The Warbanks are an archaeological site comprising irregular earthworks that straddle the A134 in the Suffolk parishes of Lawshall, Cockfield and Shimpling.

==Features==
The Warbanks are ancient defensive ditches that are situated on the eastern parish boundary of Lawshall and extend into the neighbouring parishes of Cockfield and Shimpling. They are of very ancient origin and comprise long ramparts and ditches crossed by a Roman road (now the A134) running between Alpheton and Bradfield Combust, just north of Thorn Corner. It was formerly a single defensive system but there are now three parts, the Lawshall section being the most prominent. Dense timber on either flank on the flat heavy boulder clay along with the ramparts of the Warbanks would have made this a notable military post.

The Warbanks were certainly pre-Roman and may have been an earlier defence system. A late Bronze Age sword (now in the Moyse's Hall Museum in Bury St Edmunds) was found on the site of the Warbanks and has been dated as 800-600BC and could give a clue to the age of the banks.

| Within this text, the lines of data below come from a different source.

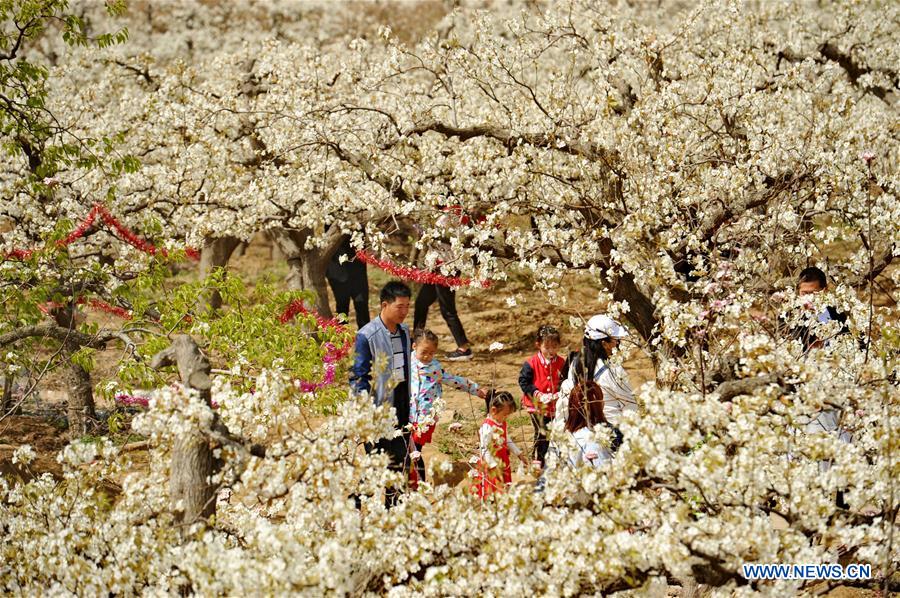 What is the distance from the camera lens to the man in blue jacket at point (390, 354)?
727 cm

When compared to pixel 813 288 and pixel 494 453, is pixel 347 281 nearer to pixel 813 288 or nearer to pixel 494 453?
pixel 813 288

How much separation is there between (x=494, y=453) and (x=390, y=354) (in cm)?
239

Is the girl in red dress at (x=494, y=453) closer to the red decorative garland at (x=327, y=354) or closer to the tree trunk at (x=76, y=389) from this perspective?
the red decorative garland at (x=327, y=354)

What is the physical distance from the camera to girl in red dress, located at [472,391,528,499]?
5070 millimetres

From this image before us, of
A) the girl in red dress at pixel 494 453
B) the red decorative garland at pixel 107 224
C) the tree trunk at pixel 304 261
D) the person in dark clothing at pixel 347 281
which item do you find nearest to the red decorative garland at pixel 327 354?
the girl in red dress at pixel 494 453

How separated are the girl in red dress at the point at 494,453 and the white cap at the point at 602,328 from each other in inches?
35.8

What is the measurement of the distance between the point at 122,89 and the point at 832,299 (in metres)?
14.0

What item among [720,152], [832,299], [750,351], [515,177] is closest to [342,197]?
[515,177]

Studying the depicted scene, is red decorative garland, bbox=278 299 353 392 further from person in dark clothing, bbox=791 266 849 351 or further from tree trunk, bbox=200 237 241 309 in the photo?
person in dark clothing, bbox=791 266 849 351

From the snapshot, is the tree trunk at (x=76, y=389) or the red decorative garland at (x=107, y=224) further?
the red decorative garland at (x=107, y=224)

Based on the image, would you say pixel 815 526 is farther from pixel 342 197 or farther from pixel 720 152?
pixel 342 197

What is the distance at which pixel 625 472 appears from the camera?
461 centimetres

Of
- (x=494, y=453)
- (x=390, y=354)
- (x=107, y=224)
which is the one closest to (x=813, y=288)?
(x=390, y=354)

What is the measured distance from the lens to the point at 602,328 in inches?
297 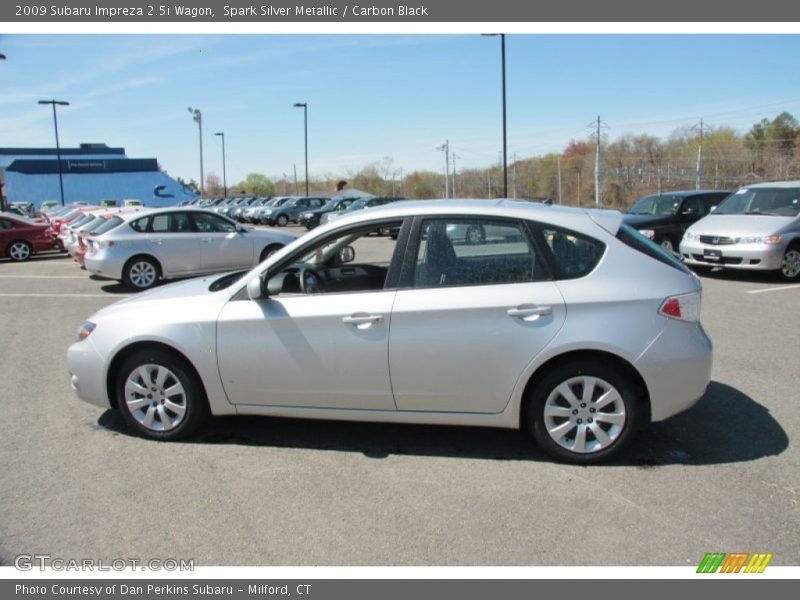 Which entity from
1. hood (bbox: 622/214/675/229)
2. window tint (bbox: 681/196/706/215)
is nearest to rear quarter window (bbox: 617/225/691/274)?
hood (bbox: 622/214/675/229)

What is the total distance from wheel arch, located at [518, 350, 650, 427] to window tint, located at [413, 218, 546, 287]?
1.84ft

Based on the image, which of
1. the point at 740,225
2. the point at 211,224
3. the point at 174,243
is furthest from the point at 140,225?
the point at 740,225

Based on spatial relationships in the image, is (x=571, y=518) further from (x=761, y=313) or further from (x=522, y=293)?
(x=761, y=313)

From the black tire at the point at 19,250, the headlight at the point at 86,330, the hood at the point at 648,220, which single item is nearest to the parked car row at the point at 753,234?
the hood at the point at 648,220

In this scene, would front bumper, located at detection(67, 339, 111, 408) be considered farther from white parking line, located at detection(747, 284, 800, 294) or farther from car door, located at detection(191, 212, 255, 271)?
white parking line, located at detection(747, 284, 800, 294)

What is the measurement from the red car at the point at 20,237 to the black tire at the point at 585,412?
1977 cm

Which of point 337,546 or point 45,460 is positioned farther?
point 45,460

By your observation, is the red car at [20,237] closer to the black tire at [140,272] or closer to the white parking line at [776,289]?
the black tire at [140,272]

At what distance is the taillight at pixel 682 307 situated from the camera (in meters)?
4.12

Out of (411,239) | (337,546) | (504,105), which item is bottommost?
(337,546)

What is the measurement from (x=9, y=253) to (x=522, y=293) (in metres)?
19.8

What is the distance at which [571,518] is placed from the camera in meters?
3.61

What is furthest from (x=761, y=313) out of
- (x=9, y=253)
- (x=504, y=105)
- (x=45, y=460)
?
(x=9, y=253)

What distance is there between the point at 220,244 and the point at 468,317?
10153 mm
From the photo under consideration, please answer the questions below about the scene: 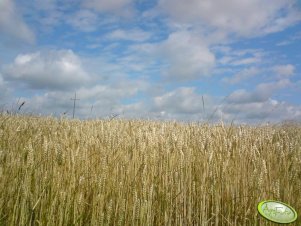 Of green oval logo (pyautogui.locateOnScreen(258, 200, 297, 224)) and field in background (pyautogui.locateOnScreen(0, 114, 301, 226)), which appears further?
field in background (pyautogui.locateOnScreen(0, 114, 301, 226))

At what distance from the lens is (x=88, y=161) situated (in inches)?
160

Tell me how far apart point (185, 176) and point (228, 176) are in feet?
1.50

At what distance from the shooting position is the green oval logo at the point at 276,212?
7.13ft

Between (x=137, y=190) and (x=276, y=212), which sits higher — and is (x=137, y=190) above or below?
above

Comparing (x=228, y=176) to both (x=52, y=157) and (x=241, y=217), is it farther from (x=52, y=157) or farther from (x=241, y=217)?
(x=52, y=157)

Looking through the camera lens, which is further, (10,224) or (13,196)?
(13,196)

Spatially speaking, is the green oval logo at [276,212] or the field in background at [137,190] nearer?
the green oval logo at [276,212]

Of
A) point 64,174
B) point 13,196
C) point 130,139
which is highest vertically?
point 130,139

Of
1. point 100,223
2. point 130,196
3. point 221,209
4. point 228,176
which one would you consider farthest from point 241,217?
point 100,223

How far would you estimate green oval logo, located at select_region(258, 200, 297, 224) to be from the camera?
2172 mm

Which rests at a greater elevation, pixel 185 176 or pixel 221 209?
pixel 185 176

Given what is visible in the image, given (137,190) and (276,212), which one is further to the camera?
(137,190)

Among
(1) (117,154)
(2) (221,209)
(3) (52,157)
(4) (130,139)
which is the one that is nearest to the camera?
(2) (221,209)

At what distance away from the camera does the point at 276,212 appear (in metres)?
2.21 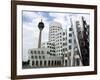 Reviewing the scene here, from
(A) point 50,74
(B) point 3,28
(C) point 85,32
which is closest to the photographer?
(B) point 3,28

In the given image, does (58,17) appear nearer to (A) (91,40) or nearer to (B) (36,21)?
(B) (36,21)

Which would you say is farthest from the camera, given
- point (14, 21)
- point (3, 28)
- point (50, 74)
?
point (50, 74)

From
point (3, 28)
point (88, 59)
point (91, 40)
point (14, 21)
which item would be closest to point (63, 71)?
point (88, 59)

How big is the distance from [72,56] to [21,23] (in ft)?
1.81

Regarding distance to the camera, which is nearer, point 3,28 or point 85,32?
point 3,28

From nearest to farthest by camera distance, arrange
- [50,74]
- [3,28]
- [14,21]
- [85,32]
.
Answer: [3,28] → [14,21] → [50,74] → [85,32]

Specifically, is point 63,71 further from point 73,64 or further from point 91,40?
point 91,40

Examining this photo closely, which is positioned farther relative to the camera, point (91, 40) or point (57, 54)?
point (91, 40)

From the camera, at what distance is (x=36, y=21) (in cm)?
153

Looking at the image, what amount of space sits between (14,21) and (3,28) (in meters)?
0.53

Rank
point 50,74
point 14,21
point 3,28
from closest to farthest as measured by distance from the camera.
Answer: point 3,28
point 14,21
point 50,74

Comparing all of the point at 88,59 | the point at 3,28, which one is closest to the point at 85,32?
the point at 88,59

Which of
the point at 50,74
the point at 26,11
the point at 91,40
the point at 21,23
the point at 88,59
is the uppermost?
the point at 26,11

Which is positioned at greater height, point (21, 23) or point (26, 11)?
point (26, 11)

A small bronze bust of a woman was found within the earthworks. The hair of the woman is plaited in twelve twists and fastened on the top of the head with a bow and there is also the bronze handle of a knife or mirror with a crowned female head at the end. Neothlithic implements have also been found in the Warbanks.

==Key dates==
Suffolk County Council's Archaeological Service have identified the following:

1581: Section (b) named Le Barowe.

1834/4: Tithe Map: Section named as War Bank (wood).

1842: Named as War Bank on Tithe Map of Lawshall.

1978: The area was still being ploughed with the Warbanks just visible.

1998: Whole area of the Warbanks east of the A134 was metal detected with negative results.